Ai-yi-yi. That's all I can say, so I'll say it again: ai-yi-yi. This semester has been one for the ages.
That said, I'm looking forward to a day of peaceful reading. Right now, I'm planning on working on two books: Junot Diaz's collection of short stories, This Is How You Lose Her (2013) and Chang-Rae Lee's novel Native Speaker (1995).
So, 'nuff said. See you later.
I'm about halfway through Native Speaker--it's actually pretty interesting. It's about a Korean American named Henry Park who works as a kind of spy, befriending executives and political figures--as he explains,
"I wasn't to be found anywhere near corporate or industrial sites... Rather, my work was entirely personal. I was always assigned to an individual, someone I didn't know or care the first stitch for on a given day but who in a matter of weeks could be as bound up with me as a brother or sister or wife." (6)When the novel opens, his wife has left him--we later learn that his mother died when he was a child, his father has recently died, and he has suffered the loss of his son.
The novel revolves around the question of who he is, really, and what other people mean to him. It focuses a lot on how he speaks--and what he hears when others speak. The novel's opening sentence is immediately intriguing: "The day my wife left she gave me a list of who I was."
So I'm enjoying my reading. But I'm getting a bit drowsy, so I'm going to take a break and then maybe switch to Diaz's short stories for a while, then return to Lee's novel. More later... I hope!
I've switched to Junot Diaz's This Is How You Lose Her, and I'm happy to report that I'm enjoying that as well! I really liked Diaz's first collection of short stories, Drown, and This Is How You Lose Her deals with many of the same characters from Drown.
Diaz probably isn't for everyone: his stories are... gritty. But interesting. And if you don't mind grit, they're very readable. I usually don't like reading stories told from the perspective of a misogynistic narrator (obviously), but Diaz's stories work--in part, because they're short, so I don't feel like I'm trapped with someone for all that long, if I don't like their voice or perspective.
But more importantly, I think Diaz has to represent misogynistic characters if he's going to remain true to what he's trying to represent. And in an odd way, the problems that his male characters have with women make them more interesting and give them greater depth--something that I don't think is usually the case.
I don't know how late I'll stay up, but I probably won't post again tonight. I'll just keep reading until I fall asleep, and then finish up tomorrow. It's been a really nice day of resting and relaxing and reading, reading, reading.
Which is always a good thing.
The next day...
Well, I fell asleep (of course), but I did finish This Is How You Lose Her. And I actually liked the very last story in the collection--"The Cheater's Guide to Love"--best of all. It was a perfect example of what I described above: Diaz using his own particular combination of poignancy and humor to reflect on the misogyny of his protagonist, Yunior.

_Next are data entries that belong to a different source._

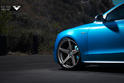 Vorsteiner Audi S5 A5 4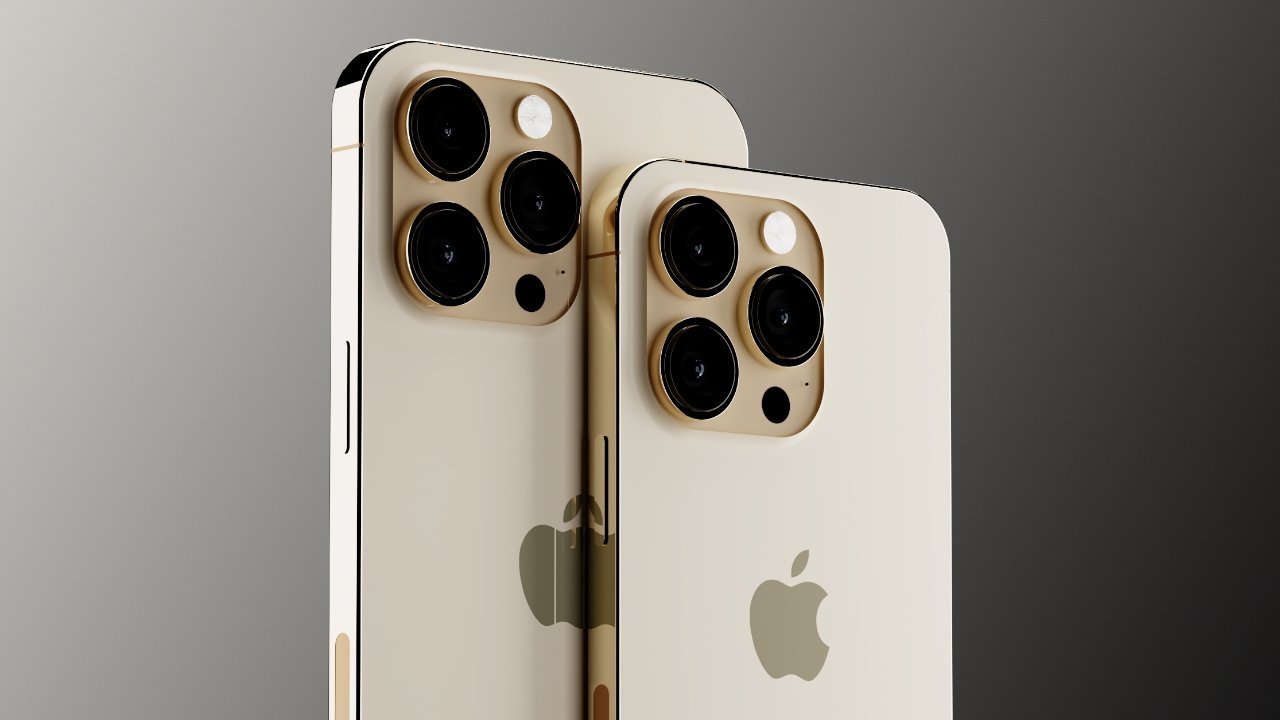 iPhone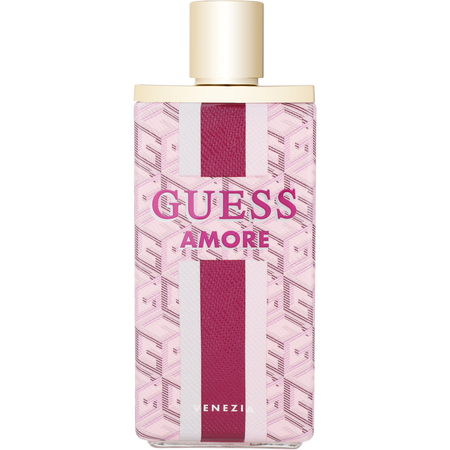 Guess Amore Venezia EDT spray 3.4 oz for unisex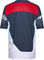 Fox Head Flexiar Elevated S/S Jersey - midnight/M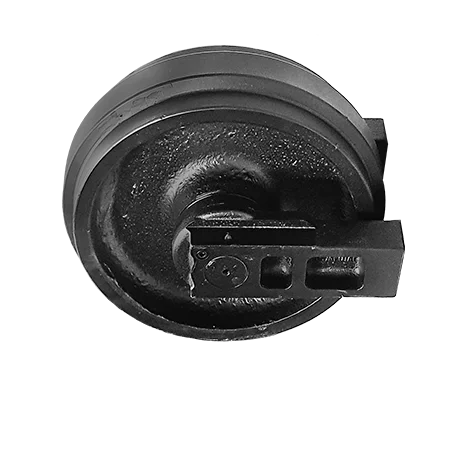 Idler Hitachi ZX260 ZX270 ZX280-5G ZX300 Undercarriage Parts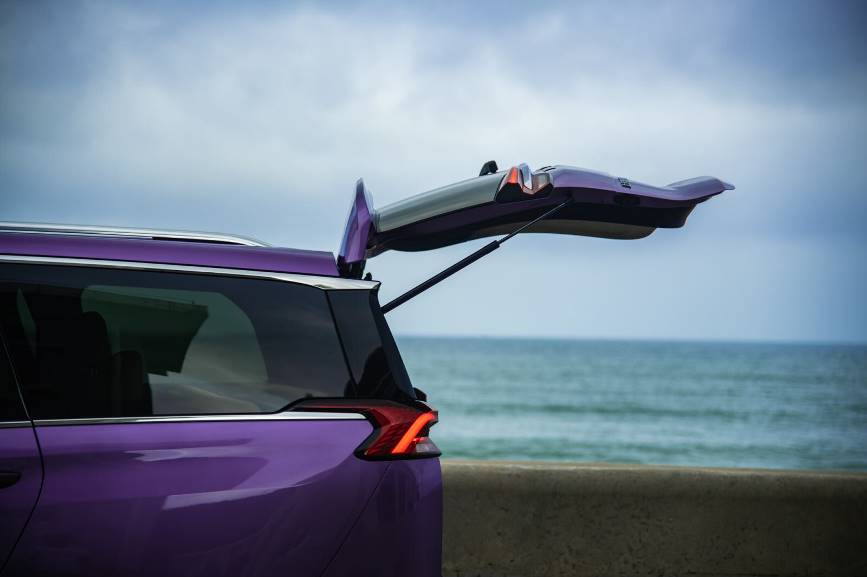 售25.98万起上汽大通maxus新车上市,上汽大通maxusg50口碑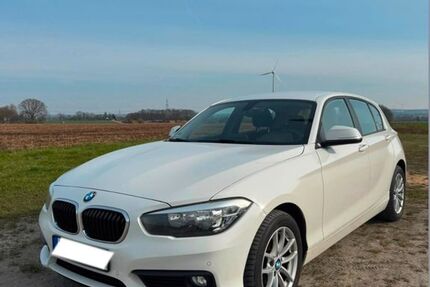 BMW 116 156.622 km 8.200 &euro; Werl 59457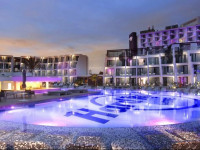 Hard Rock Hotel Ibiza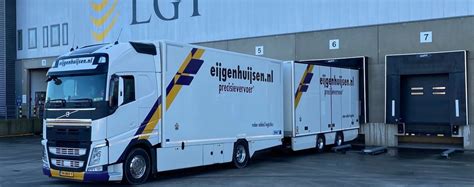 Elanders makes an acquisition in the Netherlands - LGI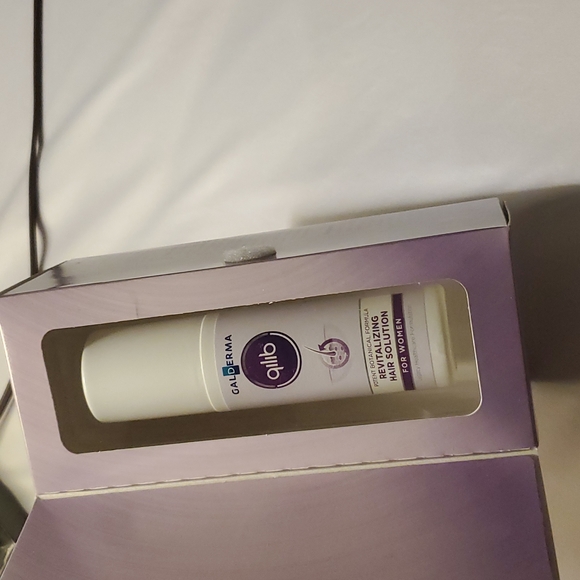 Qilib Revitalizing Hair Formula for Women 2.7 fl Oz - Picture 5 of 5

At the end of the story, Yunior takes out a folder he has kept hidden under his bed for years: "Copies of all the emails and fotos from the cheating days, the ones the ex found and compiled and mailed to you a month after she ended it. Dear Yunior, for your next book" (216).
You read the whole thing cover to cover (yes, she put covers on it). You are surprised at what a fucking chickenshit coward you are. It kills you to admit it but it's true. You are astounded by the depths of your mendacity. When you finish the Book a second time you say the truth: You did the right thing, negra. You did the right thing. (216)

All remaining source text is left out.